━━━━━ Records for this exercise ━━━━━

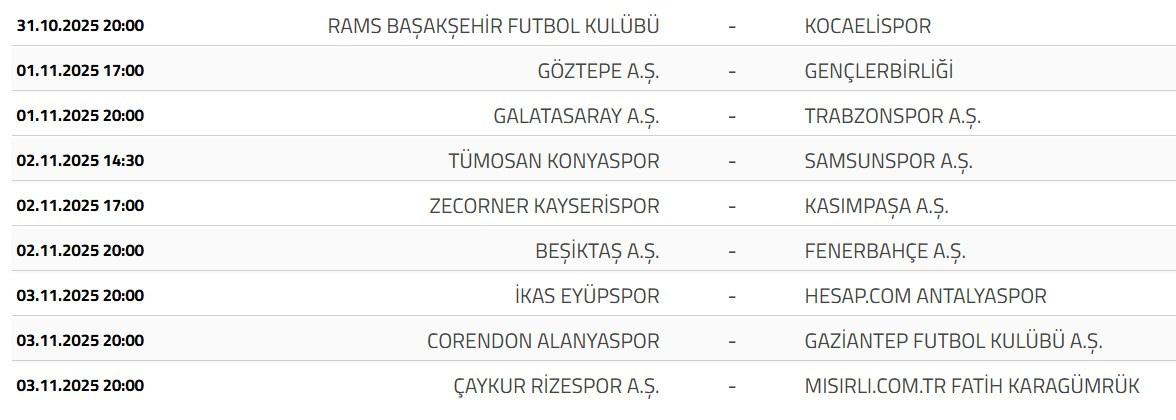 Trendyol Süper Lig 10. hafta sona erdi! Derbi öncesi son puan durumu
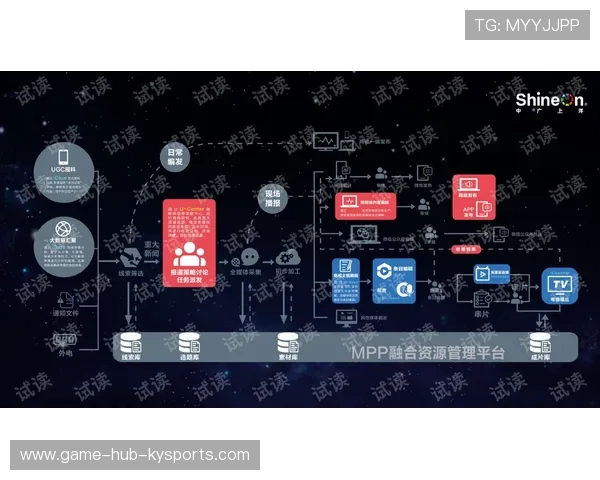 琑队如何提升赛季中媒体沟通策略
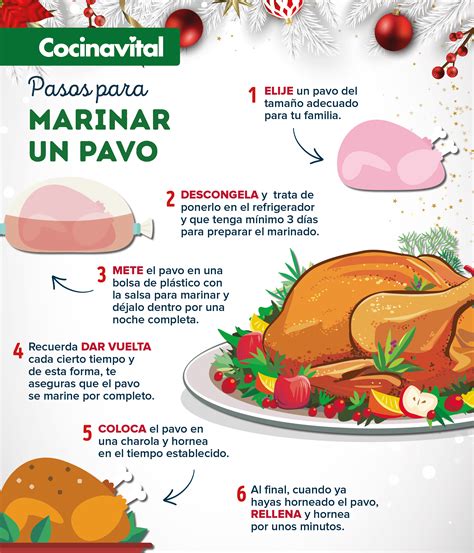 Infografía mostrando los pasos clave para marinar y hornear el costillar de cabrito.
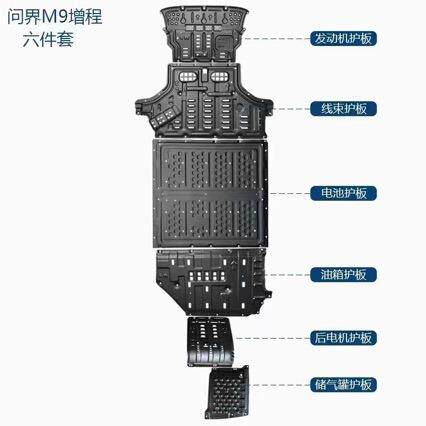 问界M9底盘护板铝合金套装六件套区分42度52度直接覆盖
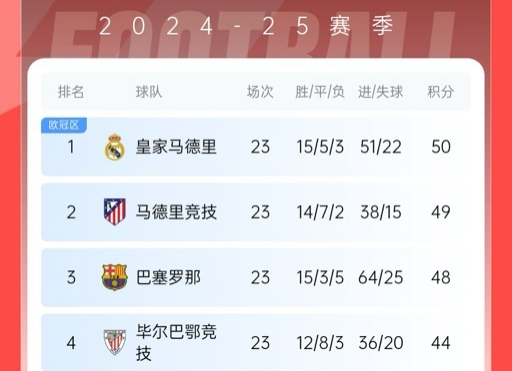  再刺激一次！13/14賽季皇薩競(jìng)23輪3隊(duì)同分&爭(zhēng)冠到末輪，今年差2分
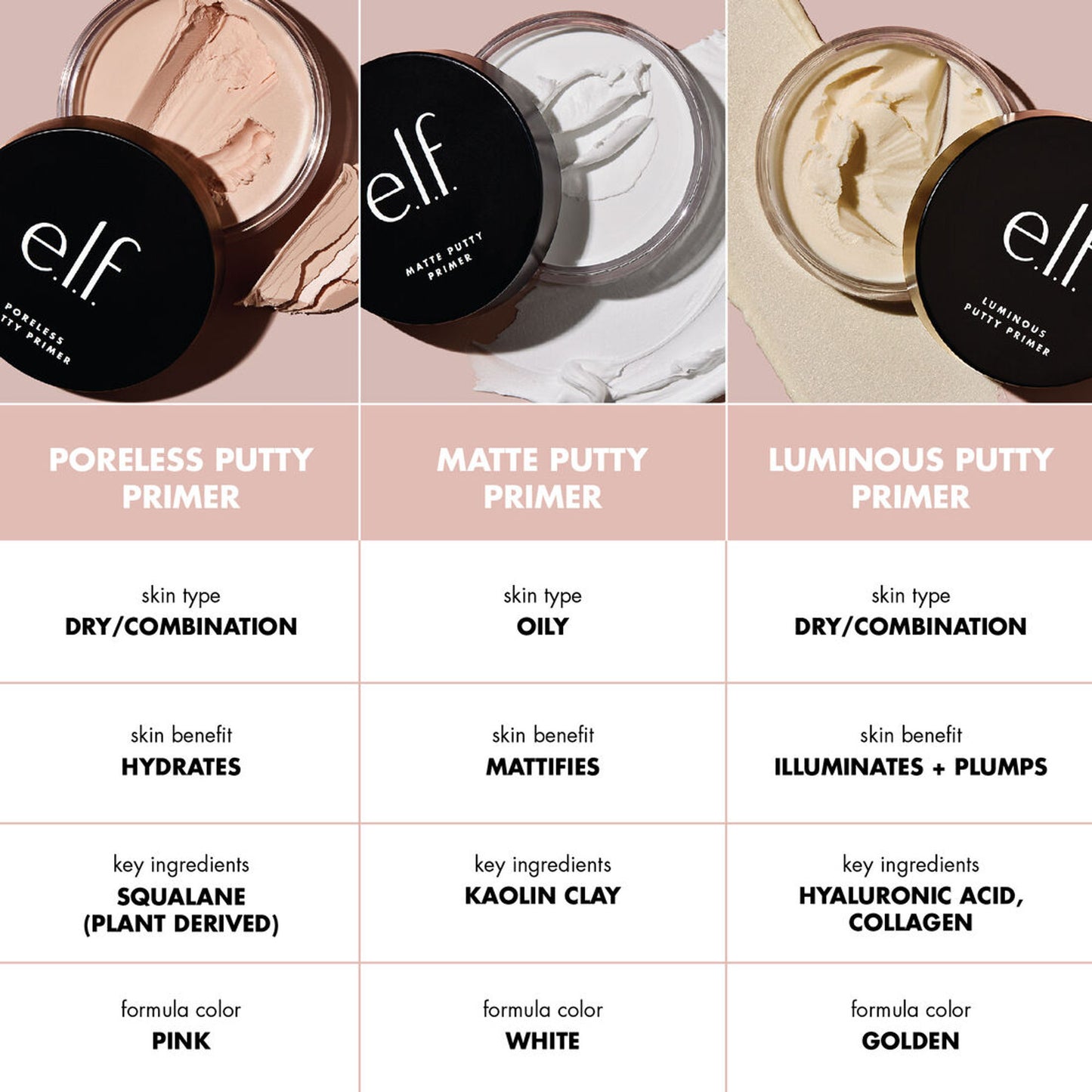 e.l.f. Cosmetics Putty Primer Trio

━━━━━
━━━━━ Records for this exercise ━━━━━

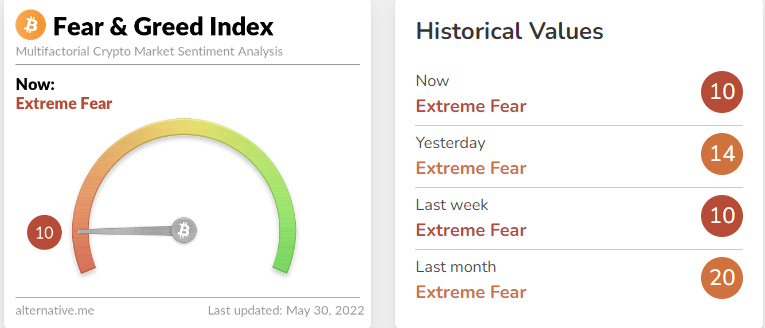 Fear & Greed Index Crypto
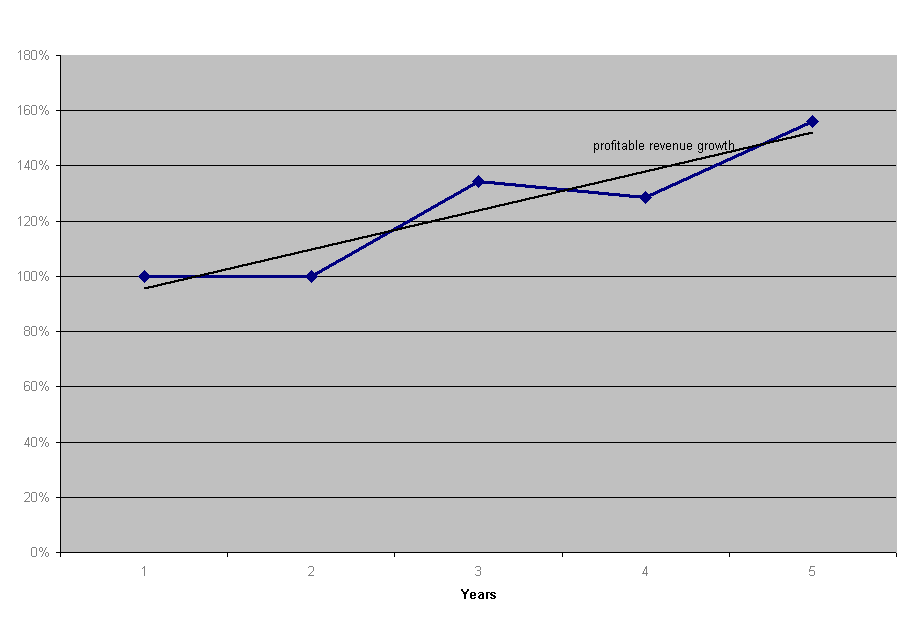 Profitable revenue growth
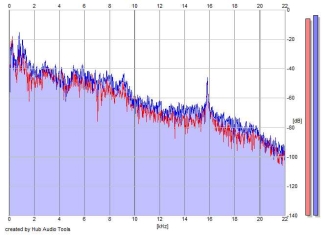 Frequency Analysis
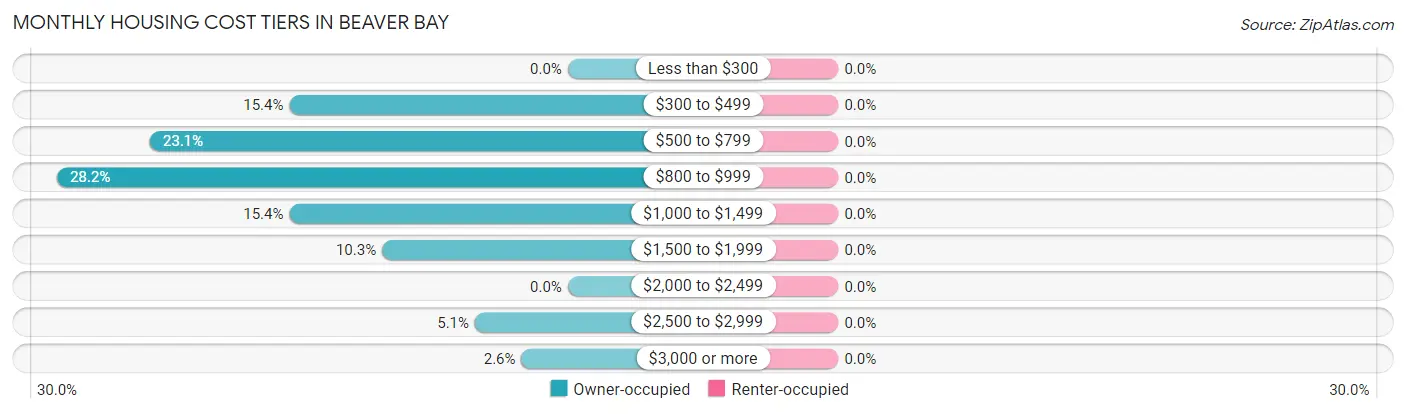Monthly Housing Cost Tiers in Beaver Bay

━━━━━

### Work request
Of the lines above, quote exactly those from the one with "Infografía mostrando los" through the one with "e.l.f. Cosmetics Putty Primer Trio", ends included; pictures stay out.

### Result of this exercise
 Infografía mostrando los pasos clave para marinar y hornear el costillar de cabrito.
 问界M9底盘护板铝合金套装六件套区分42度52度直接覆盖
  再刺激一次！13/14賽季皇薩競(jìng)23輪3隊(duì)同分&爭(zhēng)冠到末輪，今年差2分
 e.l.f. Cosmetics Putty Primer Trio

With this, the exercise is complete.